We can also evaluate this integral via contour integration. Let \begin{equation} f(z) = \frac{z^{a}}{1+z^{2}} \end{equation} Using the keyhole contour, we have first order poles at $\pm i$, so the residues are \begin{equation} \mathrm{Res}[f(z),i] = \frac{i^{a}}{i2} = \mathrm{e}^{ia\pi/2} \frac{1}{i2} \end{equation} \begin{equation} \mathrm{Res}[f(z),-i] = \frac{(-i)^{a}}{-i2} = -\mathrm{e}^{ia\pi} \mathrm{e}^{ia\pi/2} \frac{1}{i2} \end{equation}

\begin{align} \oint\limits_{C} f(z) \mathrm{d}z &= \pi \mathrm{e}^{ia\pi/2} \left(1 - \mathrm{e}^{ia\pi} \right) \\ &= \lim_{\epsilon,R \to 0,\infty} \int\limits_{\epsilon}^{R} f(x) \mathrm{d}x + \int\limits_{\Gamma} f(z)\mathrm{d}z + \int\limits_{R}^{\epsilon} f(x) \mathrm{d}x + \int\limits_{\gamma} f(z)\mathrm{d}z \\ &= \int\limits_{0}^{\infty} \frac{x^{a}}{1+x^{2}} \mathrm{d}x \,- \int\limits_{0}^{\infty} \mathrm{e}^{ia2\pi} \frac{x^{a}}{1+x^{2}} \mathrm{d}x \\ &= \left(1 - \mathrm{e}^{ia2\pi} \right) \int\limits_{0}^{\infty} \frac{x^{a}}{1+x^{2}} \mathrm{d}x \end{align}

Thus we have \begin{align} \int\limits_{0}^{\infty} \frac{x^{a}}{1+x^{2}} \mathrm{d}x &= \pi \mathrm{e}^{ia\pi/2} \left(1 - \mathrm{e}^{ia\pi} \right) \frac{1}{\left(1 - \mathrm{e}^{ia2\pi} \right)} \\ &= \frac{\pi \sin(a\pi/2)}{\sin(a\pi)} \\ &= \frac{\pi}{2\cos(a\pi/2)} \end{align}

Notes:

1. R is the radius of the large circle $\Gamma$.

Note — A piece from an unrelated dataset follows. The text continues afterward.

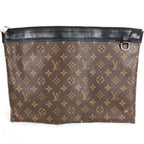 Louis Vuitton Clutch Pochette Discovery Monogram Macassar Canvas Brown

2. $\epsilon$ is the radius of the small circle $\gamma$.

Answer 2

By substituting $x=\tan\theta$ and exploiting Euler's beta function and the reflection formula for the $\Gamma$ function we have $$ I(\alpha)=\int_{0}^{+\infty}\frac{x^\alpha}{1+x^2}\,dx = \color{red}{\frac{\pi}{2 \cos\left(\frac{\pi\alpha}{2}\right)}}$$ for any $\alpha\in(-1,1)$.